Section 530 of the Revenue Act of 1978, as amended, provides relief for employers who have treated workers as nonemployees if the following requirements are met:

  1. The employer consistently treated the workers (and any individuals holding a substantially similar position) as nonemployees for employment tax purposes for the tax periods at issue and all prior tax periods after 1978.
  2. The employer filed all returns required for the workers for those periods and all periods after 1978 and the returns were consistent with nonemployee status; and
  3. The employer had a reasonable basis for treating the workers as nonemployees.

Section 530 provides three "safe harbors" for establishing a reasonable basis for treating workers as nonemployees. A taxpayer may also establish other reasonable grounds for its classification. H.R. Rep. No. 1748, 95th Cong., 2d Sess. 5 (1978), 1978-3 (Vol. 1) C.B. 629, 633; Rev. Proc. 85-18.

The safe harbors provide that reasonable basis is established if the taxpayer reasonably relies upon any of the following:

  1. Judicial precedent, published rulings, or technical advice or letter ruling to the taxpayer;
  2. A past employment tax audit in which no assessment was made on account of improper classification of workers holding substantially similar positions; or
  3. A long-standing recognized practice of a significant segment of the industry in which the worker worked.

In a Program Manager's Technical Advice, PMTA 2011-15, the IRS has now determined that an employer does not need to demonstrate that it reasonably relied on a safe harbor before engaging a worker to provide services. A taxpayer merely needs to demonstrate that it determined to rely on a safe harbor for its decision to treat a worker as a nonemployee at some point before any employment periods under IRS audit.

Taxpayer Impact

Section 530 prevents the IRS from retroactively reclassifying nonemployees as employees and subjecting the employer to federal employment taxes, penalties and interest for such misclassification. A long line of cases have determined that a taxpayer must rely on a safe harbor in fact in order for relief to be available. In other words, an employer cannot develop its case once an IRS audit begins. Instead, an employer should document the authority relied upon at the beginning when a worker is hired.

The PMTA offers employers an opportunity to document the basis of treating a worker as a nonemployee presently, even if no authority was actually relied upon when a worker was hired.
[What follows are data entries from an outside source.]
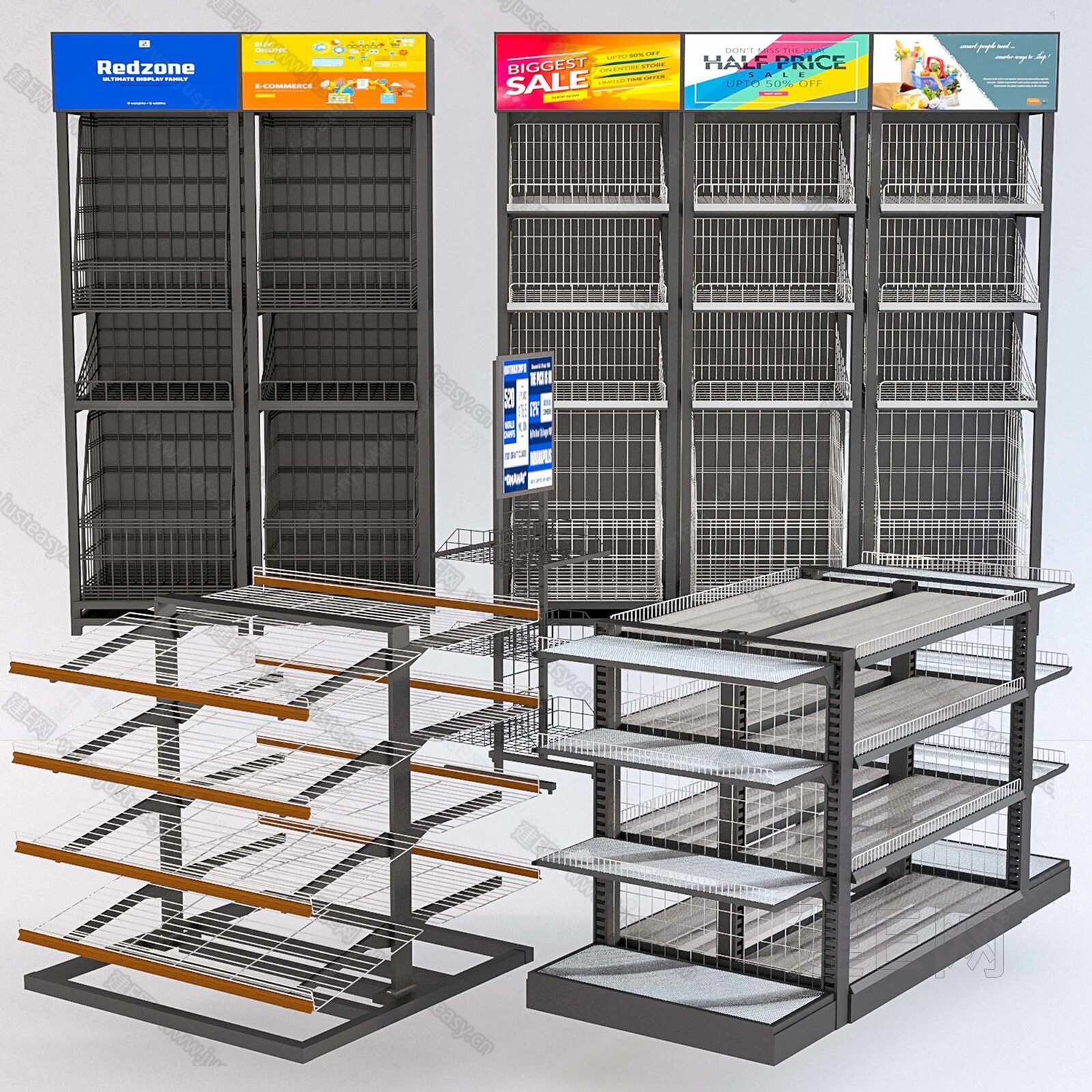 商场货架3d模型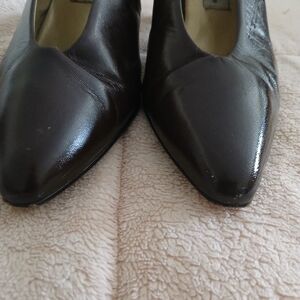 Elegant Brown  And Cream Bellini Leather Shoes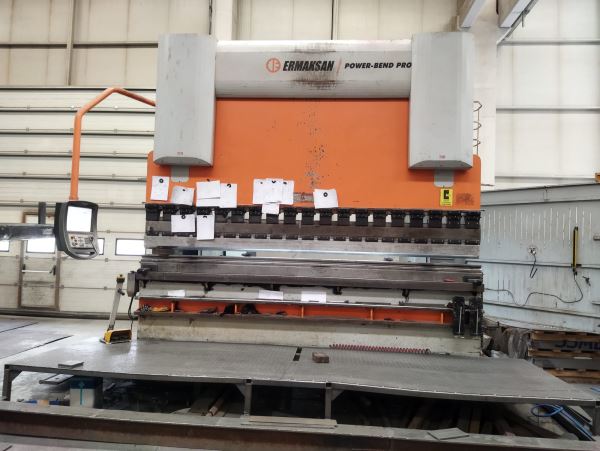 ERMAKSAN 4 Metre 400 TON 4 EKSEN 1250 BOĞAZ Abkant Pres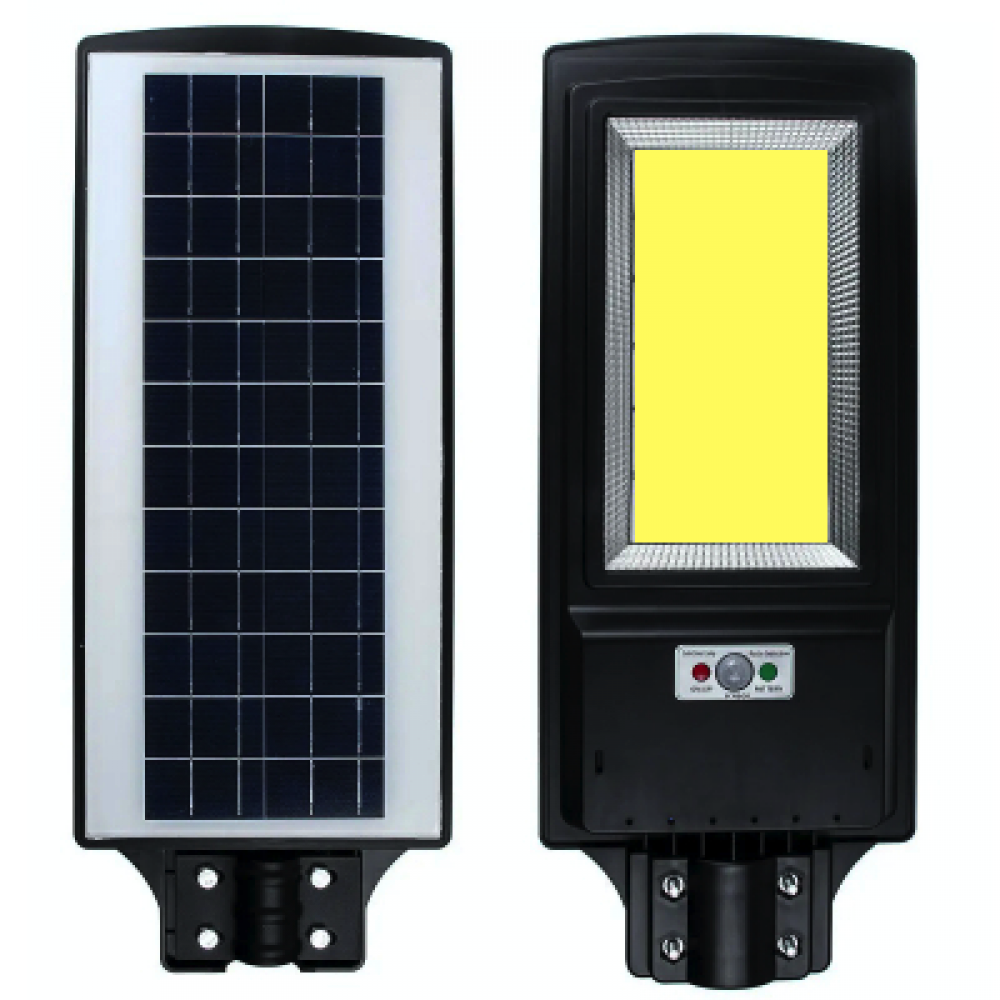 Lampa Solara Stradala LED COB 400W cu Senzor Lumina Miscare Telecomanda - imagine principala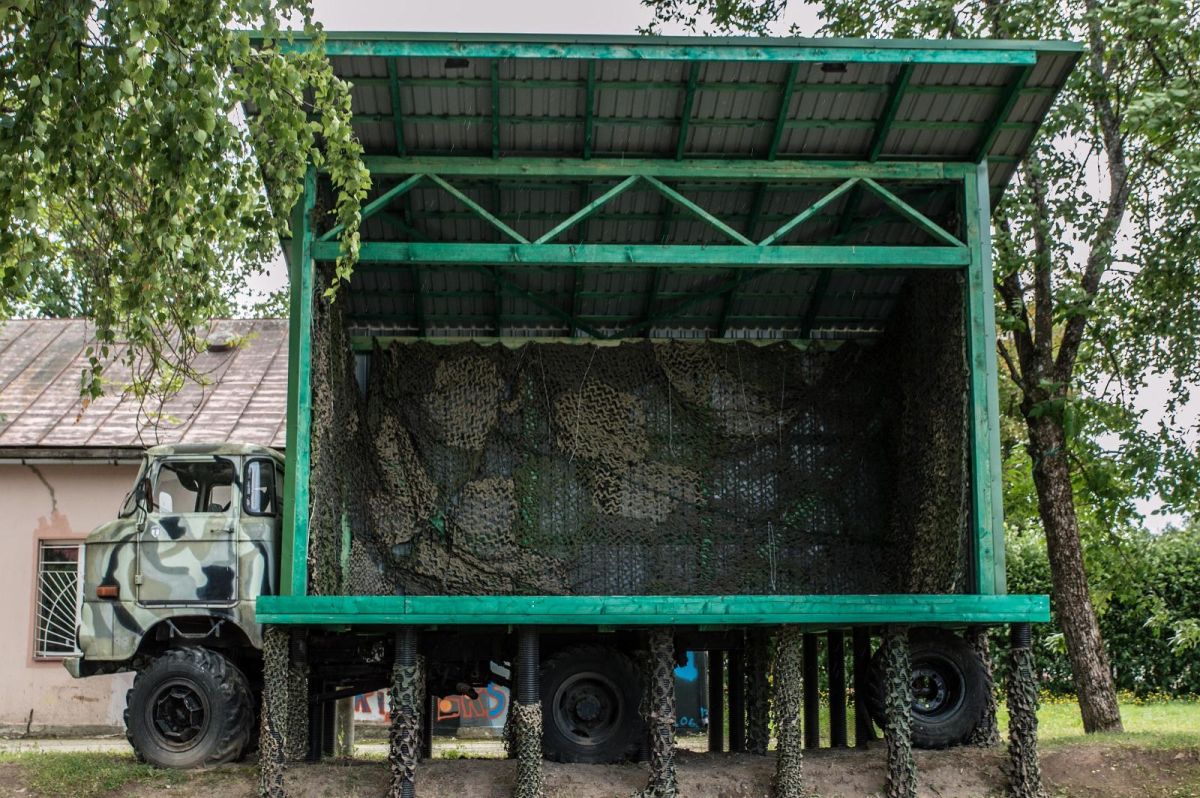Тематический военный парк в Валга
By presently documenting the authority for treating a worker as a nonemployee, the employer preserves the availability of Section 530 relief for future employment periods in the event the IRS audits such periods and determines that the workers should have been treated as employees.

Employers with any question concerning whether workers should be treated as employees or nonemployees should review their files and document any authority which supports the characterization of workers as nonemployees. Over the next three years, the IRS is auditing 6,000 randomly selected businesses to determine whether they have workers who've been classified as contractors when they should be treated as employees. The IRS has reportedly hired and trained 200 new agents to conduct the examinations. If the audits produce revenue, the IRS will likely continue in the future.

An employer who fails to satisfy the Section 530 relief requirements may still be able to participate in the Classification Settlement Program ("CSP"). The CSP is an administrative program that allows qualifying employers who have misclassified workers to pay a portion, but not all, of the employment taxes that would otherwise be due.